Seit den 1880er Jahren liegt der durchschnittliche Cape bei etwas mehr als 17, was bedeutet, dass die Aktienbewertungen dem 17-Fachen der durchschnittlichen Gewinne der jeweils letzten zehn Jahre entsprochen haben. Für die Zeitperiode seit dem Jahr 2000 liegt dieses Verhältnis im Durchschnitt beim rund 27-Fachen der Gewinne. Shillers aktuelle Warnung fusst darauf, dass der Wert jetzt knapp unter dem 40-fachen der Gewinne liegt.

Die hohe Bewertung am Aktienmarkt ist vor allem in Kombination mit steigenden Zinsen und Anleiherenditen problematisch. Dies sorgt für Abschläge bei der Ririkoprämie bei Aktien und hat in der Logik von Shiller eine grössere Marktkorrektur zur Folge.

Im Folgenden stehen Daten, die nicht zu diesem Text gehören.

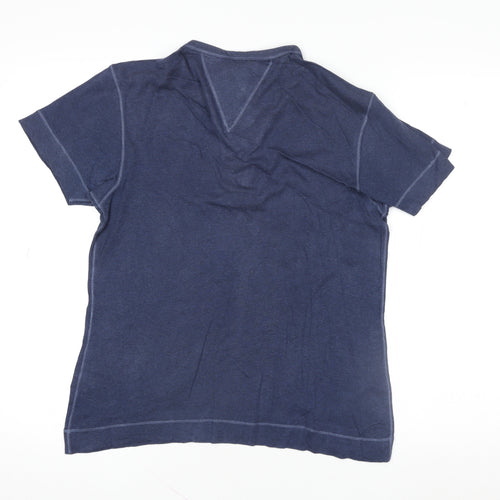 Ben Sherman Men’s Blue XS Cotton Short Sleeve Henley Polo Shirt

Lehman-Shortseller warnt vor inflationsbedingten Rezession

Zu der illustren Gruppe gesellt sich nun auch Hedgefonds-Manager David Einhorn. Der Star-Investor sagte, egal was die US-Notenbank Fed tue, eine hochfliegende Inflation führe schlussendlich zu einer Rezession. Der Chef von Greenlight Capital ist dafür bekannt, Lehman Brothers-Aktien vor der Rezession 2008 leerverkauft zu haben.

Greenhorn sagte am Mittwoch in einem vom Nachrichtensender CNBC aufgegriffenen Investorenbrief, dass seine Firma bereits begonnen habe, sich auf einen wirtschaftlichen Abschwung vorzubereiten, da die Inflation auf den höchsten Stand seit Jahrzehnten steige.

"Letztendlich glauben wir, dass die Inflation eine Rezession verursachen wird, unabhängig davon, was die Fed tut", schrieb Einhorn. "Die höheren Preise des täglichen Bedarfs werden letztendlich dazu führen, dass Konsumenten mit niedrigem Einkommen bei anderen Dingen sparen. Es gibt Anzeichen dafür, dass dies bereits geschieht."

Die Inflation, die auf dem höchsten Stand seit 40 Jahren sei, sei zu diesem Zeitpunkt "so eingebettet", dass die Fed "den Vorrang der Finanzmärkte opfern" müsste, um sie zu bekämpfen, sagte Einhorn weiter. Bereits im Sommer 2021 hatte er davor gewarnt, dass die Inflation noch Jahre andauern werde, da "zu viele Dollar zu wenigen Waren und Dienstleistungen nachjagen".